Going out there, the GPS straight up lied to me. After getting a little lost, there was a free tour. The animals are pretty huge. Seriously, there was one Arctic Wolf that I could probably ride, if the animal were okay with that, which it is NOT. Some of the wolves are “ambassadors”, which means that in a supervised fashion, you can actually get in the enclosure with the wolves and actually interact with them. That’s pretty cool, and I also really appreciated the constant attention to safety that was observed the whole time.
It was a random trip, that lasted over an hour after arriving, and I found myself uncharacteristically quiet. It was pretty touching to see that a group of people made it their mission, with no profit at all, to improve the quality of life for such interesting, and ultimately beautiful, creatures.
I wanted to do art that presented wolves in a positive light, so hence the Elfquest reference above. The tribe of elves in Elfquest is called the Wolfriders, and they have meaningful relationships with their Wolfen mounts, each characters in their own right. Elfquest is a pretty unique fantasy comic, very much operating in its own creative environment, unlike much of fantasy comics. Cutter, the arguable protagonist, is depicted above, although the book has an ensemble cast.
About a month ago, I got the “Complete Elfquest, Volume 1,” and have been thoroughly enjoying rereading the series. If it seems like you might enjoy a book of high fantasy, at a very reasonable price, you can buy the phone book thick Volume 1 by clicking here.
Oddly, a lot of the time when I wear some of my own “Adequacy” gear, people will see our own protagonist, and ask me “is that an Elfquest thing?” This confuses me a whole lot, since the visual style of the book is VERY different than mine, and rarely is there an element of fantasy in our humble strip. Granted, there is the common theme of having pointy ears, but things end there.
Also, if you’d like to help out with a donation to save the North American Gray Wolf in Paso Robles, click here. I’m pretty sure that donation will be appreciated.

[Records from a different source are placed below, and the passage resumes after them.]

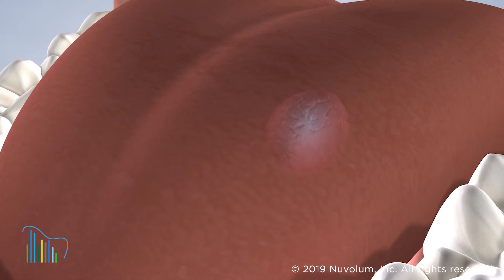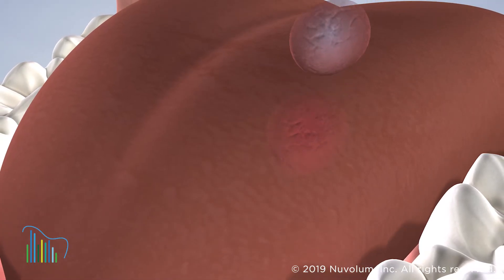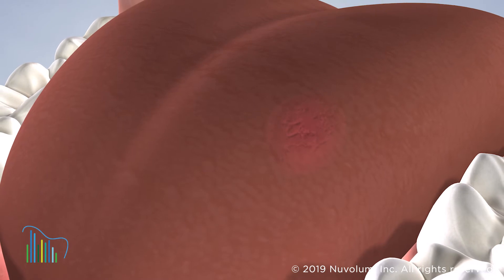In some cases, a biopsy will be recommended. We will fully discuss our recommendations and personalize a treatment plan for the restoration of your oral health.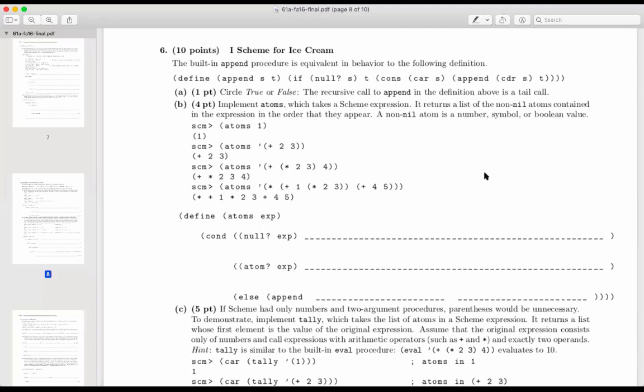The question was about an old final exam, so we're going to go take a look at it together. I scheme for I scheme. Append is built in. The recursive call to append in the definition above is a tail call. Well, this is optional content for the semester, so let's pass over that one.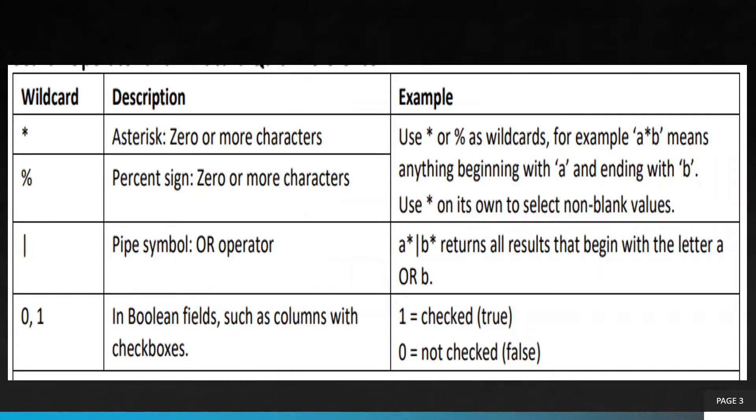As you can see in this table, we have different wildcards: asterisk, percent sign, pipe symbol, zero, one, and boolean values.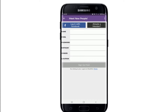MeetMe is a social network app that helps you meet friends, make friends, chat with them, or maybe even find a date online. In order to do all those things, you'll need to create an account on MeetMe. Right from this page, you can go ahead and create one.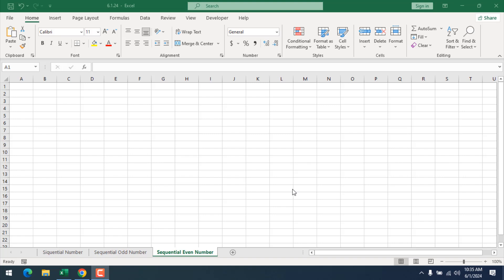How to insert sequential even number list in Microsoft Excel. Hello everyone, welcome to Excel 10 tutorial. In this intermediate Excel tutorial, I'm going to show you two different ways that will help you insert a sequential even number list in Microsoft Excel. Let's get started.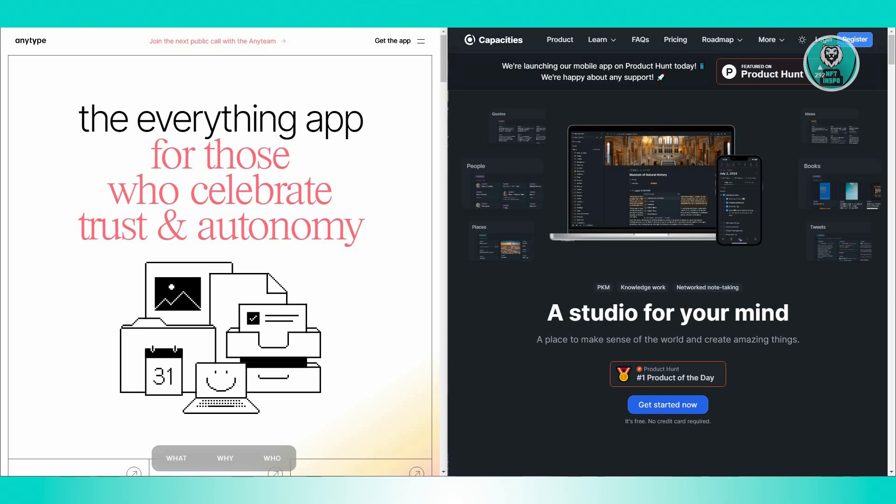In conclusion, which app is better for you? If you prefer a tool that enables natural note-taking and organizes your notes through a network of ideas, Capacities might be the way to go. It's well-suited for handling media and managing objects like books and meetings.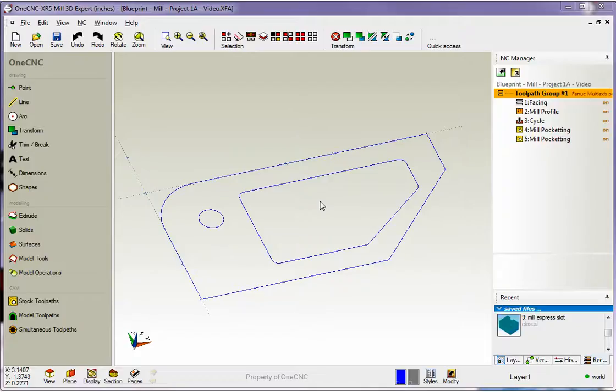Hello, this is Patrick at 1CNC West, and what we're going to do in this training video is take a look at machining templates.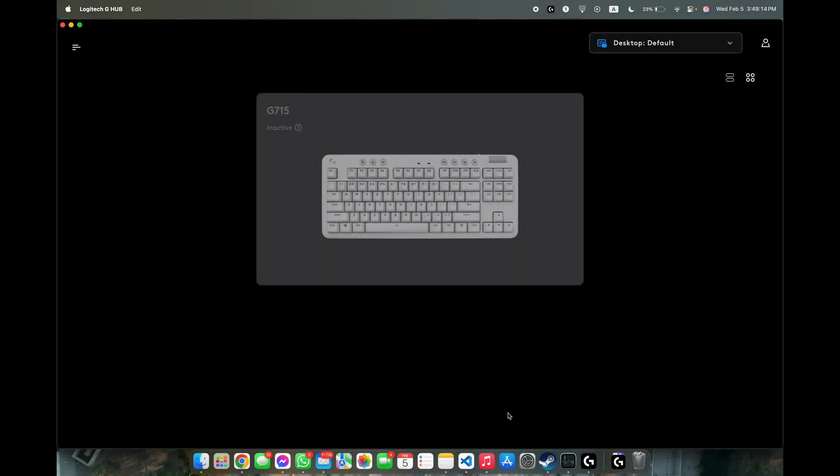Hello, in this video I'm going to show you how to fix devices being displayed as inactive in Logitech G-Hub.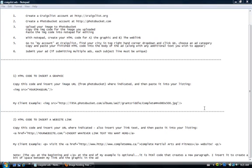Hi, this is Grant Criddle and this is part one of two: how to create a Craigslist ad with photographs or graphics.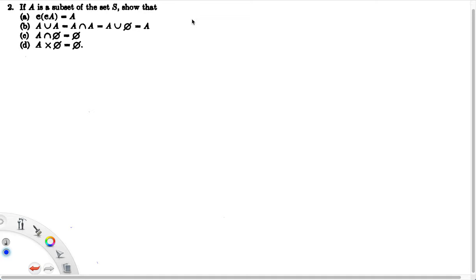In this problem, we're showing a set quality, but we're not going to show it like we did the others. To show this one, we're going to use the definition of the empty set.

Finally…I did a rare thing. I edited yesterday’s post, “Rascals Never Die,” for content as opposed to typos. I always get to the typos late. The first edit was with the cover/poster art. This version doesn’t have the odd left to right darkening effect that was bugging me when I looked at it online. Instead, the brightness is similar to the other images, which works better, in my opinion. It was an odd way of being picky, especially given that all of the art was happening in cramped, odd places.
Secondly, I removed page five. Mostly because that’s a punch line, visually, that I’ve fed at more than once, and it wasn’t really new material. Laying upside down on a couch or an easy chair at the end of a trip, looking mildly sick…been there, done that. Seriously, I’ve done that more than once…call backs are one thing, but maybe it was time for a new gag. On reflection, I felt that page four was a better endpoint, and it was still a massive post.
In case anyone noticed, was wondering, or cared. In addition to being the artist and writer, I also get to be the editor.
I DO like the idea that she might sleep in that fancy suit, or parts of it. It sort of goes with the idea of her generally rumpled and casual appearance. I simply came up with a better way to do that whole thing, without recycling material that’s been done before. We will be seeing that alter in the week. Yay!
So there’s my long, rambly Cesar Chavez Day post. Not about Cesar Chavez at all sadly, but instead about endangered wolves, Elfquest, and editorial choices about pants.